Dargaud édite également une intégrale Harry Mickson & Co, qui regroupe l'ensemble des aventures de ce détective parodique née dans les années 1970 dans les bureaux des éditions Futuropolis.

"Harry Mickson, c’était la mascotte des éditions Futuropolis, qui étaient au départ une librairie de bande dessinée. C’est lorsque j’y travaillais que j’ai commencé à croquer ce petit personnage. Tous les jours, je le dessinais sur l’éphéméride. C’est mon premier personnage. Et il y a son chien, le fidèle Ratier. J’ai eu le même, que j’ai trouvé en solde sur les quais, à Paris.
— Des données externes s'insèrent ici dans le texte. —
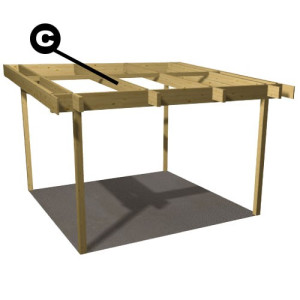 Limtre Løsvekt Taksperre 56 X 180 X 4000 Mm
Elle était toute blanche, avec une tache sur l’œil. Ça m’a rappelé les films de Charlie Chaplin. Je l’ai eu pendant onze ans. Harry Mickson lit ici Popeye, que nous avons publié dans la collection Copyright, dont je me suis occupée personnellement. C’était les grands classiques américains, l’école de la bande dessinée. Il faut lire tout ça si vous avez envie de faire de la bande dessinée: Terry et les Pirates, Popeye, Mandrake, Charlie Chan, La Famille Illico, Polly and her pals… C’était une belle collection. Des grands classiques et des trucs pointus que l’on connaît peu en France. On a aussi publié des 30/40, des livres dans un format extrêmement grand pour être au plus près des originaux de l’auteur et montrer la beauté du trait. Le premier qu’on a fait, c’était Calvo. Puis on a fait Tardi, avec La Véritable histoire du soldat inconnu. On en a publié une quinzaine en tout. C’était passionnant. On bossait directement avec l’auteur. On était un peu des pionniers en lançant la notion d’auteur en bande dessinée: appeler un livre "Tardi" ou "Calvo" ou "Swarte", cela ne se faisait pas à l’époque. On achetait un album de Tintin, des séries. Mais un album de Tardi, jamais de la vie."
Fille des oiseaux, 60 p, Dargaud, 13,99 euros - en librairie depuis le 9 septembre.
Harry Mickson & Co, 216 p, Dargaud, 24,95€ - en librairie le 7 octobre.
Les planches originales de Filles des Oiseaux sont exposées du 16 septembre au 15 octobre à la Galerie Martel, 17 rue Martel (75010, Paris).